Airbus is establishing a separate production line at its Hamburg Finkenwerder plant which will be dedicated to assembling the aft fuselage of the long-range A321XLR.
This fuselage section is heavily modified from the regular A321neo, featuring a newly-designed integrated large rear centre tank and fuel-mangement system which will be specific to the new model.
Airbus wants to set up the separate line to enable production of this particular section to achieve maturity without the risk of disrupting the flow of A320neo-family assembly at the plant.
It will install jigs and tooling for the aft fuselage line in the Finkenwerder facility’s hall 260, on the shore of the river Elbe, where Airbus previously manufactured fuselage sections for the A380.
The airframer says this “deliberate decoupling” of the A321XLR aft fuselage and the single-aisle production line will provide the flexibility to enable the specialised fuselage work, from next year, to ramp up independently and achieve maturity without affecting output of other variants.
A321XLR programme chief Gary O’Donnell says the “stable factory” will allow longer initial manufacturing cycle times while the logistics of assembling and integrating the rear centre tank smooth out.
“This new approach will avoid us putting at risk the rest of single-aisle production,” he says. “Once we’re happy that everything is mature and up-to-speed, we can transfer it with confidence into the main production system.”
Airbus believes the A321XLR, which will serve as a bridge between its single- and twin-aisle aircraft range, is a core part of its strategy and the decision to keep to the development schedule, despite the air transport crisis, underlines its importance to the airframer.
“The XLR is one of the programmes we’ve decided to fully maintain in spite of [the pandemic],” said Airbus chief executive Guillaume Faury during a briefing in early January.
“We’re very excited as we see it sits very well with market needs,” he stated. With long-haul recovery likely to lag short-haul, Faury argued that the XLR – offering long-range with single-aisle capacity and economics – could become “even more” important to customers post-crisis.
Chief commercial officer Christian Scherer, at the same briefing, said the A321XLR “continues to enjoy very strong market demand”.
“I wish I had more,” he said, stressing that the variant was “not a niche aircraft”.
Airbus expects to commence major component assembly of the first A321XLR – bringing together the forward, centre and aft fuselage sections and the wings – over the “second part” of this year. It says a “large proportion” of the engineering design drawings had been released by the beginning of 2021.
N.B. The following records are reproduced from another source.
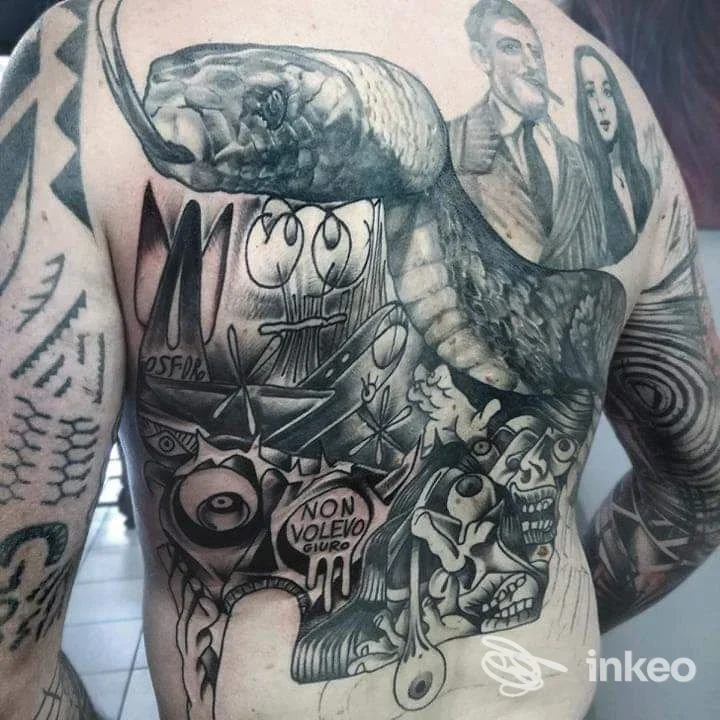 Grande tatuaggio sulla schiena con serpente e volti stilizzati, lavoro presentato da S.M.C Santa Margherita Crew Tattoo Studio, Alba.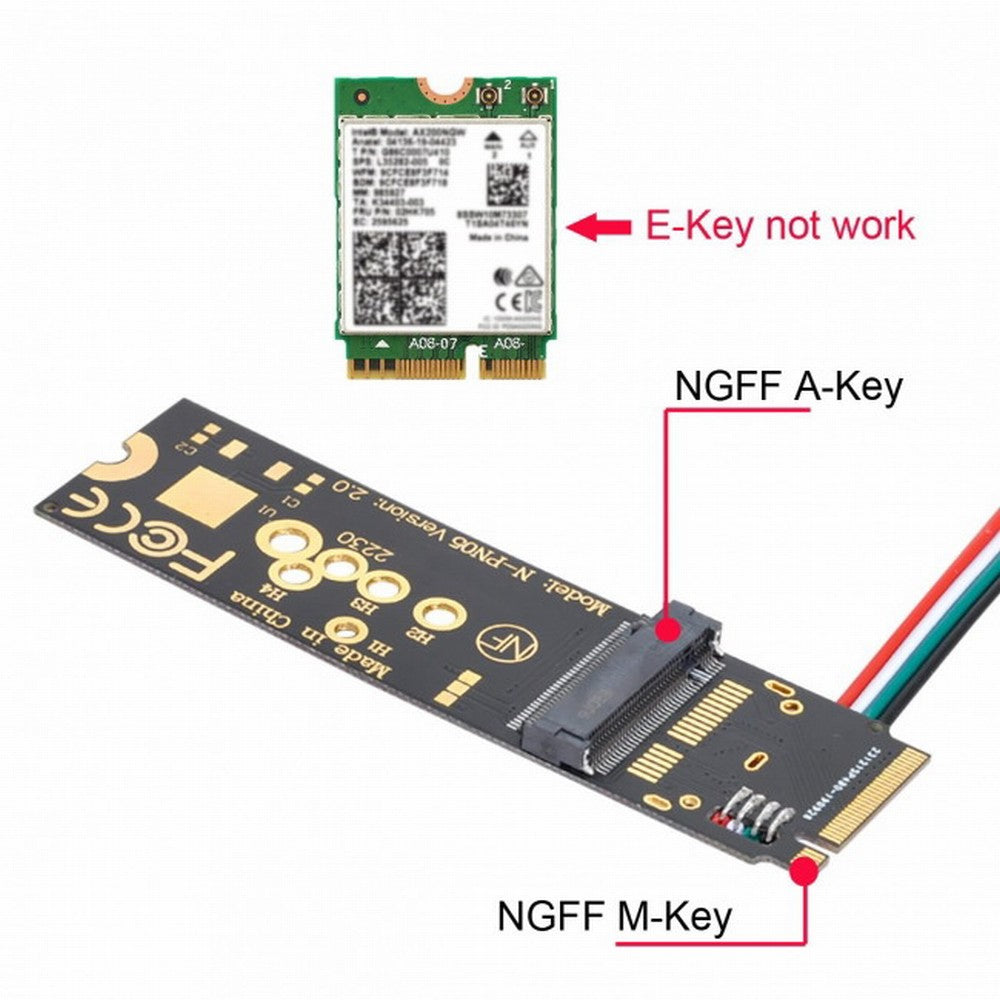 Chenyang Wireless NGFF A/E-Key WiFi Card to M.2 NGFF Key-M NVME SSD Adapter for AX200 Wifi 6 Bluetooth 5.1 EP-002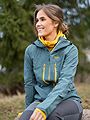 Bergans Cecilie Mountain Softshell Jacket Forest Frost / Solid Dark Grey / Golden Yellow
“Production of components for the first A321XLR flight-test aircraft is progressing through the sites all across the world, for large and small components as well as systems,” says O’Donnell.
“In parallel many parts are already being tested and demonstrated – on both the aircraft structure and on the systems side – to validate the functionality of all those first aircraft components.”
Airbus’s Nantes facility is progressing with manufacturing the first centre wing-box, which will be transferred to Finkenwerder this year, while Premium Aerotec is completing the initial rear centre tank components and preparing for its assembly at its Augsburg centre, and producing other centre- and aft-fuselage parts at Nordenham and Varel.
Nose and forward fuselage sections for the A321XLR are being built at Stelia Aerospace and these will be sent to St Nazaire for assembly once complete. Airbus’s UK plant at Broughton is handling the wing production in co-operation with Spirit AeroSystems and FACC which are dealing with new high-lift devices for the aircraft.